Snowflake continues to set the standard for Data in the Cloud by taking away the need to perform maintenance tasks on your data platform and giving you the freedom to choose your data model methodology for the cloud. You will expect the same relational capabilities for your data model as any other platform and Snowflake certainly delivers.

A 2016 data science report found that data scientists spend around 80% of their time in data preparation (collecting, cleaning, and organising of data) before they can even begin to build machine learning (ML) models to deliver business value. Collecting, cleansing, and organising data into a coherent form for business users to consume are standard data modelling and data engineering tasks for loading a data warehouse. Just as a dimensional data model will transform data for human consumption, ML models need raw data transformed for ML model consumption through a process called “feature engineering”. It is a vital step in building successful ML models to ensure that the data is in a good shape for a ML model to be successful and for it to perform efficiently.

Data vault explicitly defines a set of standards called “hard rules” to automate data extraction, cleansing and modelling into raw vault tables. Data vault’s “soft rules” are those auditable transformations that use raw (and other business vault) data artefacts whose outcomes are loaded into business vault based on the same business entity and unit of work as raw vault. Data vault as a practice does not stipulate how you transform your data, only that you follow the standards to populate business vault link and satellite tables as you would have done to populate raw vault link and satellite tables.

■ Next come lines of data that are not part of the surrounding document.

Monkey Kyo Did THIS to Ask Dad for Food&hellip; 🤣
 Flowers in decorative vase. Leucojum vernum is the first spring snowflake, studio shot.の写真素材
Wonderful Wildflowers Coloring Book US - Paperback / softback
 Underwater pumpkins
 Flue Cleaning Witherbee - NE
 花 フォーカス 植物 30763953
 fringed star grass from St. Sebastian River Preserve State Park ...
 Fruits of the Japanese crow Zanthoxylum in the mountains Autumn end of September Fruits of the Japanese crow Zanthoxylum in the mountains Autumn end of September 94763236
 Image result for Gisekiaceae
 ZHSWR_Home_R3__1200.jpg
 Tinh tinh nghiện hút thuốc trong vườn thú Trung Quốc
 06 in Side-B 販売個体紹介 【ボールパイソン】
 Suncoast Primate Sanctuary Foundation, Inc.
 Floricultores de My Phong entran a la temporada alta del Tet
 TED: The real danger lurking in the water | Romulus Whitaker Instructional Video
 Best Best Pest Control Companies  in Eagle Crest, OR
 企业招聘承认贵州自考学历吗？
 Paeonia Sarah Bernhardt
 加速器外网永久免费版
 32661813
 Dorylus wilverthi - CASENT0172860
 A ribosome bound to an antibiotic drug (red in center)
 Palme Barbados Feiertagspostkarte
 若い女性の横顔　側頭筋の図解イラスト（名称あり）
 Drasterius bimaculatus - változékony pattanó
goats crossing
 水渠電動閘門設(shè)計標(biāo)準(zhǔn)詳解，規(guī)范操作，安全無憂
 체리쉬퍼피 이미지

In this episode we will use what we have learnt in this series to support the data preparation requirements for ML on Snowflake using data vault patterns for modelling and automation.

Episode catalogue

1. Immutable Store, Virtual End-Dates

2. Snowsight dashboards for Data Vault

3. Point-in-Time constructs & Join Trees

4. Querying really BIG satellite tables

5. Streams & Tasks on Views

6. Conditional Multi-Table INSERT, and where to use it

7. Row Access Policies + Multi-Tenancy

8. Hub locking on Snowflake

10. Out-of-sequence data

9. Virtual Warehouses & Charge Back

11. Handling Semi-Structured Data

12. Feature Engineering and Business Vault

A reminder of the data vault table types,

[BONUS] Episode 12: Feature Engineering and Business Vault

To visualise how data vault can support ML lets evaluate where data management fits into a workflow of a typical ML project.

ML Workflow, ubr.to/3EJHjvm

Once a business need is defined and a minimal viable product (MVP) is scoped, the data management perspective begins with:

A) Data ingestion — data is acquired, cleansed, and curated before it is transformed.

B) Feature engineering is executed to support ML model training.

C) Trained models are deployed into production and predictions are monitored for ML model performance.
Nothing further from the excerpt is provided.